No. It happens when people who can't maintain a steady speed are driving next to each other and move relative to each other without ever leaving enough of a gap for someone to go by. It happens when you go to pass a slowpoke on the right, only to find that a more law-abiding slowpoke is already in the right lane. It happens when, even when there is a path, you have to make 10 lane changes in a mile, instead of two (around to the left and back to the right). It happens when you have to make those lane changes by making WAGs about whether there will be a slow or fast car in front of you when you pass car x on the right or left.

Sorry, but it just doesn't make sense any other way. Rechtsfahren = Very light traffic - only the right lane is utilized. Moderate traffic - the right lane is full of traffic going about the same speed, and some slightly faster traffic is moving mostly in the next lane over, and passing in the far left lane. Heavy traffic - the right and middle lanes are full of traffic going about the same speed, faster in the middle lane, and the far left lane is traveling faster than both. In your scenario, there are people who would otherwise be in the right or middle lanes in the far left lane, slowing the entire flow of traffic down.

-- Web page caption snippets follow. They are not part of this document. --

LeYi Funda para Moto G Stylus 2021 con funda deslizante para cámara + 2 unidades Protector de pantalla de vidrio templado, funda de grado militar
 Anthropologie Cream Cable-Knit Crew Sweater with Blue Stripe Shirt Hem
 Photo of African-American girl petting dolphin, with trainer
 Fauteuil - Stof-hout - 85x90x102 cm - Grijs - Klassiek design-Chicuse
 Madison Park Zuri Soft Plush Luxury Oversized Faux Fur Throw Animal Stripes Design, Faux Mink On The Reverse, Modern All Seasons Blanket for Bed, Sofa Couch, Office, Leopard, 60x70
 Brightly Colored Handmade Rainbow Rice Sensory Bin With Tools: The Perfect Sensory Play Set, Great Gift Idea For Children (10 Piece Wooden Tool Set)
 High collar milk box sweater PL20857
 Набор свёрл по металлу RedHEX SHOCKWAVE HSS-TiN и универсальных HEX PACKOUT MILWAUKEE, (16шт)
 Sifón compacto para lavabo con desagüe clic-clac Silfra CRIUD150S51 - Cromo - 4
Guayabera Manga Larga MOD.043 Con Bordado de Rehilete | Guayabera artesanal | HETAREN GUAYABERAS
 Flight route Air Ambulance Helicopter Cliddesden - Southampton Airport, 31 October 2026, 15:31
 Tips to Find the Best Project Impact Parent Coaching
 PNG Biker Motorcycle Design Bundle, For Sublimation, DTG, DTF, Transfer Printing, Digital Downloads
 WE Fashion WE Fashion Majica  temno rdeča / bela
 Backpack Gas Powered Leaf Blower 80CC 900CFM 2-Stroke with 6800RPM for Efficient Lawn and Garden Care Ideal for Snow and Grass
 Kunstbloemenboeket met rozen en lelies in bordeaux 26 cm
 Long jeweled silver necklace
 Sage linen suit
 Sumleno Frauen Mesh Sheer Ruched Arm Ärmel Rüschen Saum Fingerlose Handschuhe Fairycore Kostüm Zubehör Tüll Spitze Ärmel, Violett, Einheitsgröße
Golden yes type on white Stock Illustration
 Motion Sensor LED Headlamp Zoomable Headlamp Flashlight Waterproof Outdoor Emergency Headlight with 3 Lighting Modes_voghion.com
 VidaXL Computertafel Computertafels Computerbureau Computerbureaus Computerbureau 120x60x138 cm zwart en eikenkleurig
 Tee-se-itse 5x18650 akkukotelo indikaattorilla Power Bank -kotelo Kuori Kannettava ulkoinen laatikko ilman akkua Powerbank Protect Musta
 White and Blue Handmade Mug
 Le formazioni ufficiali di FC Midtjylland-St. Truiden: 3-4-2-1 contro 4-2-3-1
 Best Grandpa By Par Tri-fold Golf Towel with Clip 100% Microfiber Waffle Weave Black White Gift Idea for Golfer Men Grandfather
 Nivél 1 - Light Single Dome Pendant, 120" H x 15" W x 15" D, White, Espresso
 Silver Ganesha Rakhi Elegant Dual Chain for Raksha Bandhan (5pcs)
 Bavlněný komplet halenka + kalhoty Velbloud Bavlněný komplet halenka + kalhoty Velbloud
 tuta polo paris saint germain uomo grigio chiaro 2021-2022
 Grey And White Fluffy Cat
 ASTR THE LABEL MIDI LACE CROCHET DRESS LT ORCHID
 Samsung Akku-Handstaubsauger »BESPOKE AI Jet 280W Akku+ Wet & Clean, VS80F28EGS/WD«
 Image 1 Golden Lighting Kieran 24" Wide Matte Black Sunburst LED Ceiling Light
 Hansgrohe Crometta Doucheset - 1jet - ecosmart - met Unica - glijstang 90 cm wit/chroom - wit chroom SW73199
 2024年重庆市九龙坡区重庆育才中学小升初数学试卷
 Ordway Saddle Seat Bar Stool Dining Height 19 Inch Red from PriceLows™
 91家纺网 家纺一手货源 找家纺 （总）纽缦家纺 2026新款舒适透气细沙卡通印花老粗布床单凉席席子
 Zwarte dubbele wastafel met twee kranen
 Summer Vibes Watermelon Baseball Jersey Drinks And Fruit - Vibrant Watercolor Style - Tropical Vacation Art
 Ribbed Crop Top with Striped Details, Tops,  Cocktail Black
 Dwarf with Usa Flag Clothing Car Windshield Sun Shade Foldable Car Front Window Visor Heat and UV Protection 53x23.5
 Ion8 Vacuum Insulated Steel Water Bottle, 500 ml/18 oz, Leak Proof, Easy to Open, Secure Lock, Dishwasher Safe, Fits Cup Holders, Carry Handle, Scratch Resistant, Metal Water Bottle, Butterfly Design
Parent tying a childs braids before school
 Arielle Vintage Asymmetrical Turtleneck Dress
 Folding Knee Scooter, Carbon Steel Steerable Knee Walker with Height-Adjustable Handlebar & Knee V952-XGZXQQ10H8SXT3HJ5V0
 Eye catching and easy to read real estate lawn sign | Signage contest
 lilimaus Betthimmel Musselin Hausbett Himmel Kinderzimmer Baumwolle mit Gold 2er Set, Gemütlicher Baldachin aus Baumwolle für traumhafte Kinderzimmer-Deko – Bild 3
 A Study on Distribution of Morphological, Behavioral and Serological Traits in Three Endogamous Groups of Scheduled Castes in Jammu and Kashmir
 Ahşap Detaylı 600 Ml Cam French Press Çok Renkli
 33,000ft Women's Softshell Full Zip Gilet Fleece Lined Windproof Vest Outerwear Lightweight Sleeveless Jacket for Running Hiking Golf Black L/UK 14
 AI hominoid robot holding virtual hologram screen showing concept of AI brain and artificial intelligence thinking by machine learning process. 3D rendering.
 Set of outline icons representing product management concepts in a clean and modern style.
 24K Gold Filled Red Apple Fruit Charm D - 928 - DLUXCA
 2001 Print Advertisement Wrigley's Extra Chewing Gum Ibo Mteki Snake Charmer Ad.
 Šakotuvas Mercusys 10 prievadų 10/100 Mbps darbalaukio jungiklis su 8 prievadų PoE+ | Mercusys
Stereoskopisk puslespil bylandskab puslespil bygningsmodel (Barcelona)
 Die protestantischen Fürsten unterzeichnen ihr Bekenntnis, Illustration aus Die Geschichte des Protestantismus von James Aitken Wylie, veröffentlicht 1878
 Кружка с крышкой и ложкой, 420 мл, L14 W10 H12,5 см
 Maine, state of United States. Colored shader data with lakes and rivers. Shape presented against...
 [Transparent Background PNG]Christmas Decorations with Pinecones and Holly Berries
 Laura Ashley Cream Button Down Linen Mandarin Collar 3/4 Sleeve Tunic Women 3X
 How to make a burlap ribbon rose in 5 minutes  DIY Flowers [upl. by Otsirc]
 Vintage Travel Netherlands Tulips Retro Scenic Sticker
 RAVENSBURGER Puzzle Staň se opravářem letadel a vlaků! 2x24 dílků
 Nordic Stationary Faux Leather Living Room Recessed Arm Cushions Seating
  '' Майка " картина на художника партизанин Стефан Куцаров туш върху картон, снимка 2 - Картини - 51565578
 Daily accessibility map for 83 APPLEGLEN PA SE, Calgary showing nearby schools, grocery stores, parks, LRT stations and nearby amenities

I can drive from Seattle to Vancouver, BC, and note that on I-5, three lanes will be more congested than two on the freeway in Canada, with similar traffic volume; Canadians are just better about driving right/passing left, and that transition is very informative.


----------



## The Roadstergal (Sep 7, 2002)

JetBlack330i said:


> The issue is: does it make sense in USA, with the constraints we have here? If so, why haven't we instituted it nationwide? Is the US, the birthplace of automobiles, so naive, undeveloped and archaic in road design?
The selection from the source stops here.